Wesen aus dem Gen-Labor
Die Gentechnik und der rasante Fortschritt machen Mischwesen möglich. Der Ethikrat will Lücken im Gesetz schließen.
Berlin. Wer kennt nicht die Sphinx, Kentauren, Chimären oder Nixen? Mischwesen — halb Mensch, halb Tier — bevölkern die antike Mythologie, Kunst und Fabeln bis hin zu Science-Fiction-Romanen. Doch was bisher nur der Fantasie entsprang, kann heute in den Laborküchen der biomedizinischen Forschung schnell Realität werden.
Zwei Jahren brütete eine Arbeitsgruppe des Deutschen Ethikrates über den Umgang mit „Mensch-Tier-Mischwesen in der Forschung“. „Es ging uns nicht darum, ein Horrorszenario zu entwerfen“, sagt der Rechtswissenschaftler Jochen Taupitz. Denn vieles gilt als ethisch unbedenklich. So werden menschliche Gene schon seit den 80er Jahren in Mäuse eingepflanzt, um die Entwicklung menschlicher Krankheiten zu beobachten.

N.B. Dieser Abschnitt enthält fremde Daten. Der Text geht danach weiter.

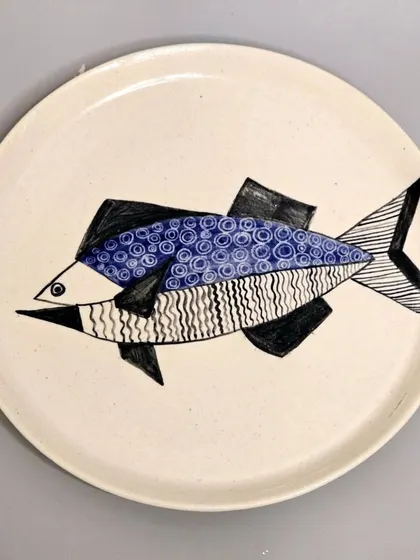 This sold plate features a stylized fish with geometric patterns. It was designed as a perfect wall decoration or a thoughtful housewarming gift.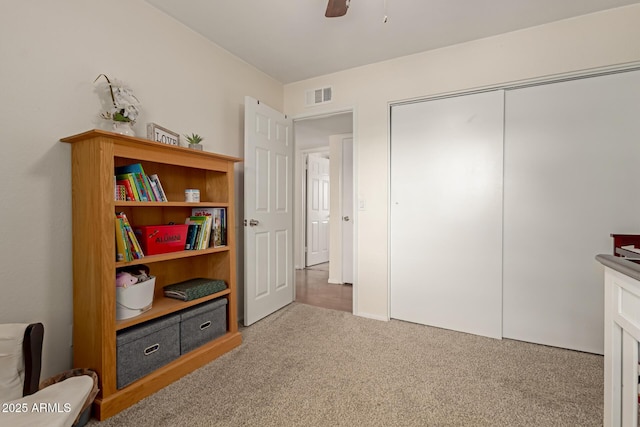 sitting room with carpet floors, visible vents, and a ceiling fan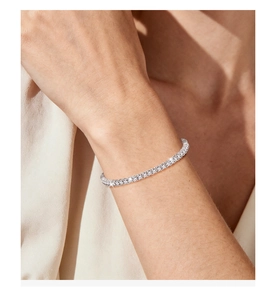 Macro shot of S925 sterling silver moissanite tennis bracelet on a model wrist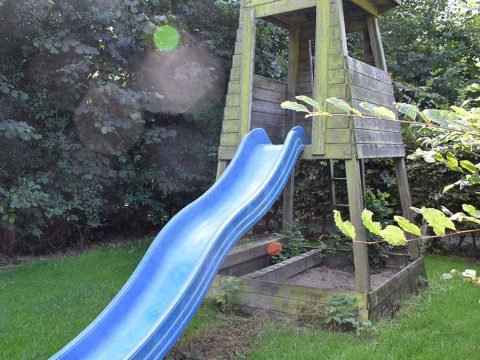 Área de juegos con tobogán azul y torre de madera en jardín verde en Feather Down Hoeve Zeeland, Zelanda, Países Bajos.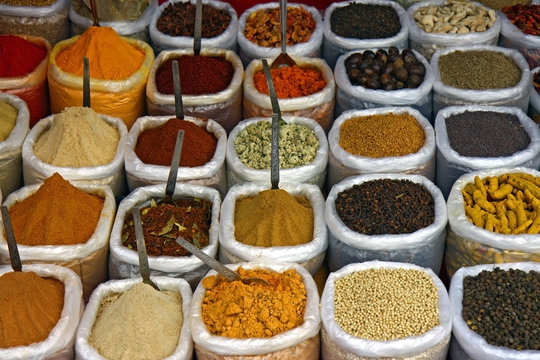 many colorful spice in small bags and spoons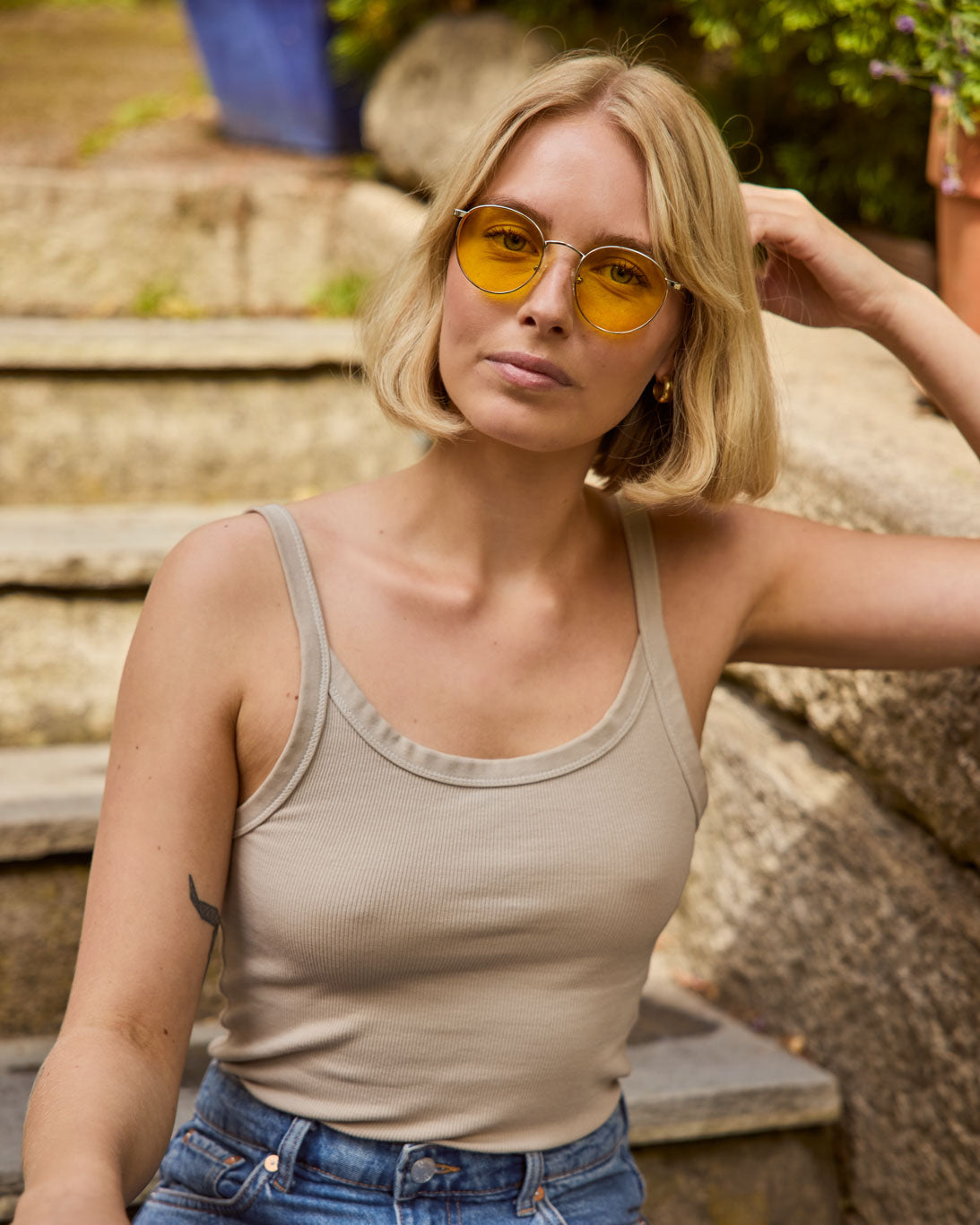 Model is wearing Filter Optix blue blocking glasses with Yellow lenses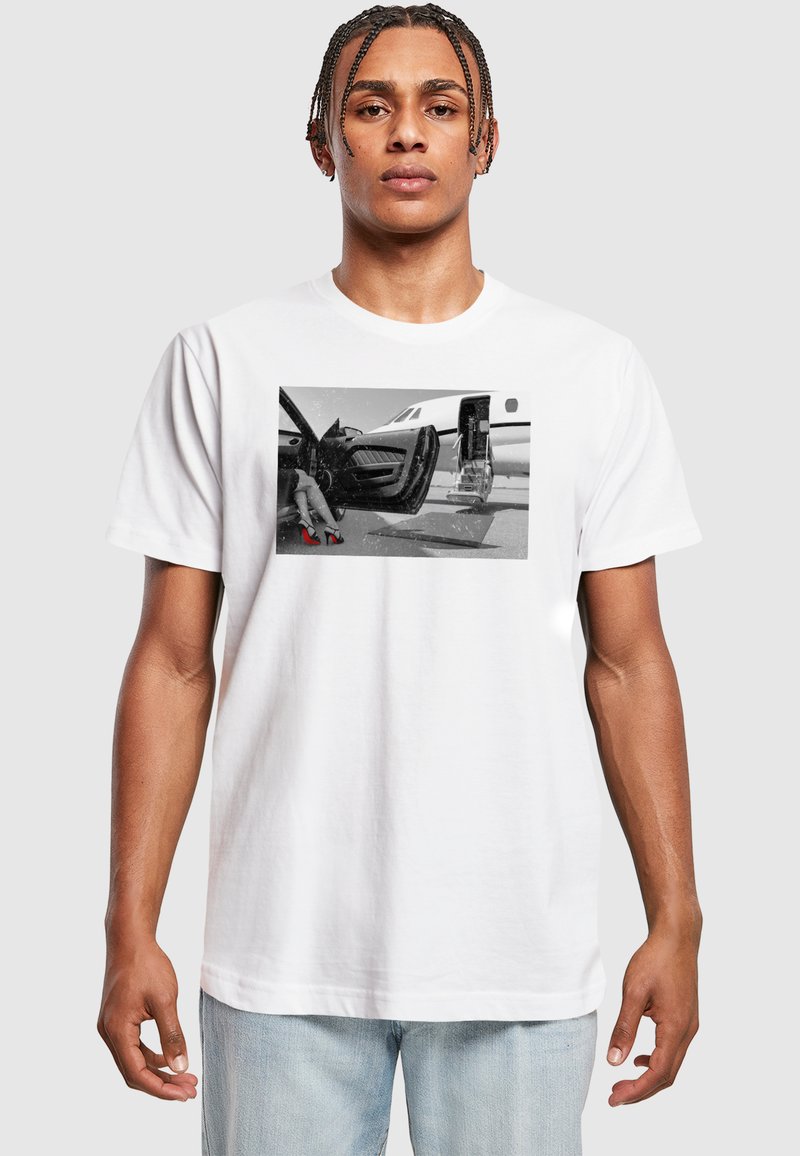 White cotton t-shirt featuring a black-and-white photographic print of a leg in red heels by a sleek aircraft door.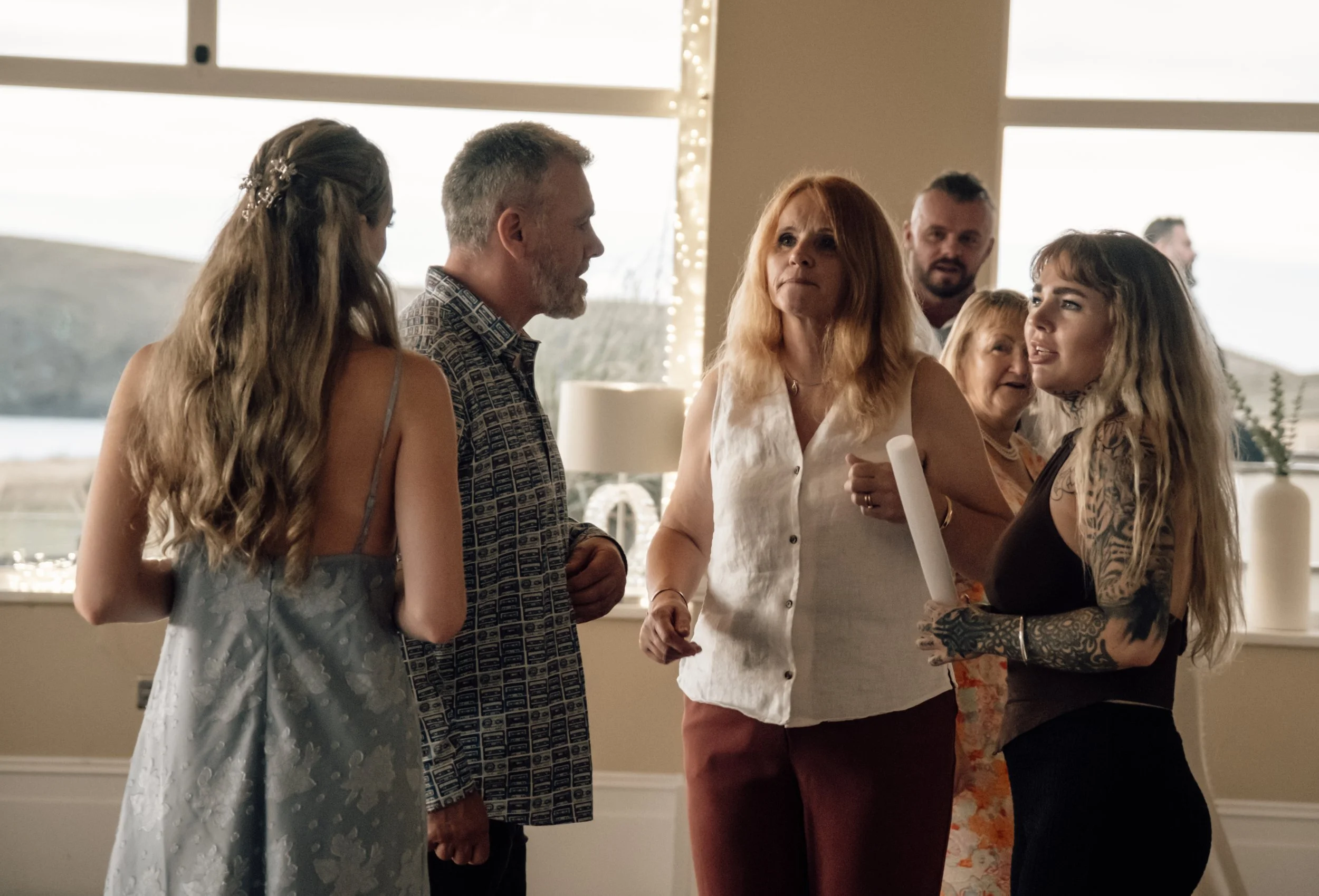 A group of people, mostly women, standing indoors, engaged in conversation at a social gathering, with large windows and natural light in the background.
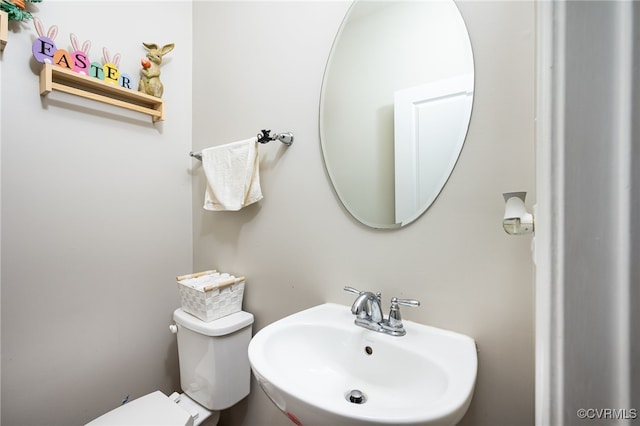 bathroom with a sink and toilet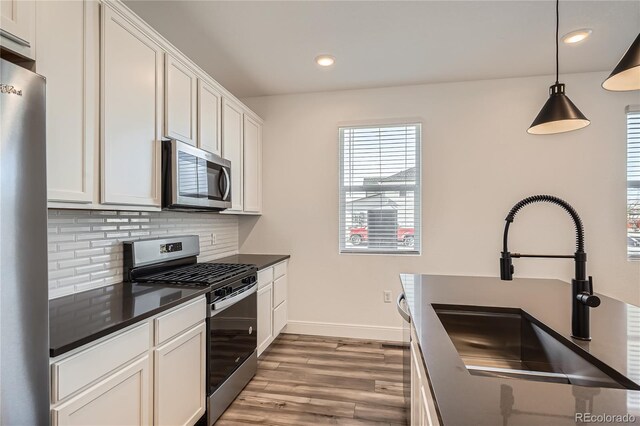 6874 Zuni Ct, Denver, CO 80221 - kitchen with appliances with stainless steel finishes, a sink, dark countertops, light wood-style flooring, and backsplash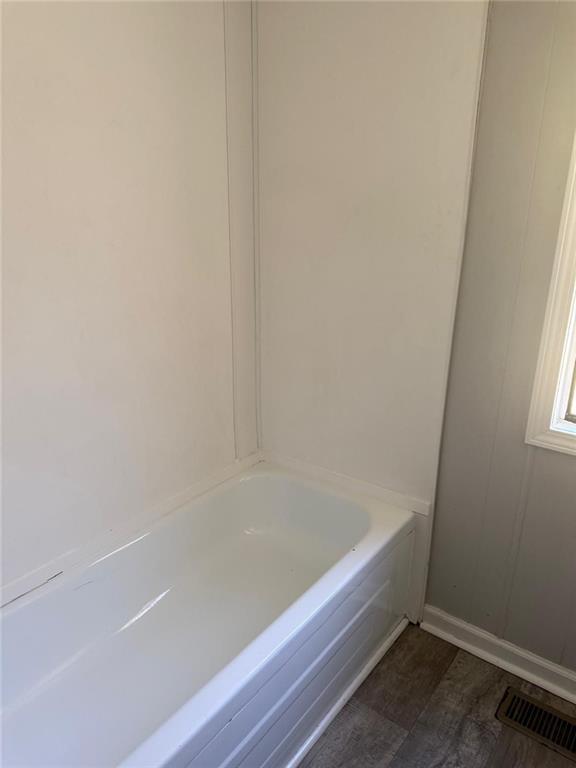 2457 Bold Springs Road Monroe, GA 30656 - Photo 18 of 23 a bathroom with bathtub and window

Aus menschlichen Stammzellen gewonnene Nerven-Vorläuferzellen werden in das Hirn von Versuchstieren eingepflanzt, um Krankheiten wie Alzheimer-Demenz und Parkinson zu erforschen und später vielleicht einmal heilen zu können. Doch was ist, wenn es sich bei diesen Versuchstieren um sogenannte Primate wie Menschenaffen oder Schimpansen handelt? „Wie ist vor diesem Hintergrund ein Menschenaffe zu beurteilen, der plötzlich menschliche Verhaltenszüge zeigt?“, fragen die Experten des Ethikrates in ihrer Expertise.
Biologisch betrachtet gehört der Mensch zur Tierwelt. Doch das Selbstverständnis des Menschen ist von der Vorstellung „einer klaren Grenzziehung zwischen Mensch und Tier geprägt“, sagt der frühere SPD-Forschungs-Staatssekretär Wolf-Michael Catenhusen. Der Ethikrat mit 26 Mitgliedern vereint Mediziner, Naturwissenschaftler, Theologen, Juristen, Philosophen und Ex-Politiker. „Was uns alle eint, ist die klare Grenzziehung, dass es gar nicht erst zur Erzeugung von realen Mensch-Tier-Mischwesen kommt“, so Catenhusen.
Der Ethikrat zeigt Schwachstellen des strengen deutschen Embryonenschutzgesetzes auf und fordert von der Politik Nachbesserungen. So ist es zwar verboten, menschliche Embryonen auf ein Tier zu übertragen und damit Chimären zu erzeugen. Doch umgekehrt fehlt im Gesetz ein Verbot der Übertragung tierischer Embryonen auf den Menschen. Auf dem Reißbrett der Genforscher ist das aber heute schon längst möglich.